Your output must consist solely of the lines from the one containing "this 1270×952 image." through the end of the records, reproduced exactly.

+++ DATASET CONTENT +++

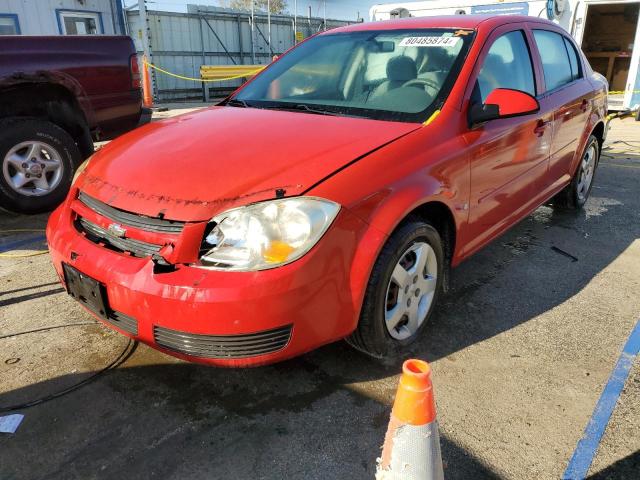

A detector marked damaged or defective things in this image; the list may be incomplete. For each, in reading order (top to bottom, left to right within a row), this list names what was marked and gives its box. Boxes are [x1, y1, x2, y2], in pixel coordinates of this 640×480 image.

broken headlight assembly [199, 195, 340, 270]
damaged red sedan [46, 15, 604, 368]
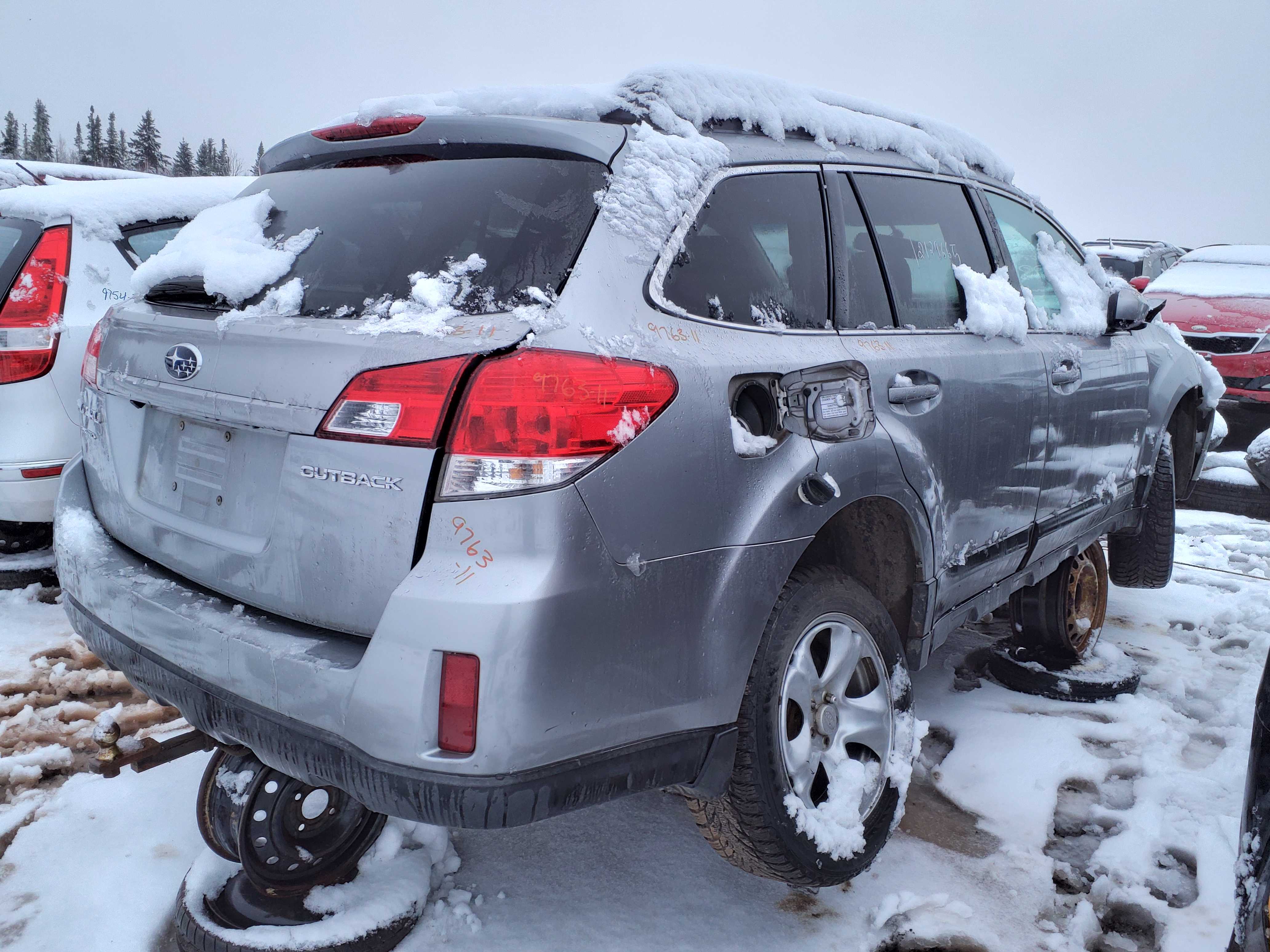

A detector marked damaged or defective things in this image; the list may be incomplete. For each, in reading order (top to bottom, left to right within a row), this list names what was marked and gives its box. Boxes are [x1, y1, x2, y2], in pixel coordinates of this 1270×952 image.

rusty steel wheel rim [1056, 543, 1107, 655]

+++

**FINAL ANSWER**
A detector marked damaged or defective things in this image; the list may be incomplete. For each, in reading order (top to bottom, left to right within a row), this list names what was marked and gives its box. Boxes are [x1, y1, x2, y2], in pixel coordinates of this 1270×952 image.

rusty steel wheel rim [1056, 543, 1107, 655]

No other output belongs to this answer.